Instructions for the task:
Which lines of the entries contain the word "Shirt"? Please list them.

-- Opening Marker --

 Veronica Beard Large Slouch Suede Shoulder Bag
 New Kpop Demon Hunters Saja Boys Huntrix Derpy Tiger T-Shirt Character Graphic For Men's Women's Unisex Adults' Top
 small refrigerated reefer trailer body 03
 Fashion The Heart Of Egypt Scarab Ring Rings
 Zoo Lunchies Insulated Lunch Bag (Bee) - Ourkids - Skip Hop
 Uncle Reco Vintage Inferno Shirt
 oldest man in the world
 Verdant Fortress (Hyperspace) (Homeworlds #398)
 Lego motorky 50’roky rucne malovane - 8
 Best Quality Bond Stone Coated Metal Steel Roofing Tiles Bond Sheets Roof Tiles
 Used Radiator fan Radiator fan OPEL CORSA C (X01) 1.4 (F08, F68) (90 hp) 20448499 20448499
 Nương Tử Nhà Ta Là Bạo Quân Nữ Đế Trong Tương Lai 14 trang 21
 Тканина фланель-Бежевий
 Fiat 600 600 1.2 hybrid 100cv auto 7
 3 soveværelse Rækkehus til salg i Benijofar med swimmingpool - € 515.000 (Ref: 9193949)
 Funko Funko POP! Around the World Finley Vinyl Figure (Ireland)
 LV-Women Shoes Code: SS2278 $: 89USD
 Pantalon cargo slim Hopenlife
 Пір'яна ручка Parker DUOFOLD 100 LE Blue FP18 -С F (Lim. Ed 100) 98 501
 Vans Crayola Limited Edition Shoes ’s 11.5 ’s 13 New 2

-- Closing Marker --

Answer space:
 New Kpop Demon Hunters Saja Boys Huntrix Derpy Tiger T-Shirt Character Graphic For Men's Women's Unisex Adults' Top
 Uncle Reco Vintage Inferno Shirt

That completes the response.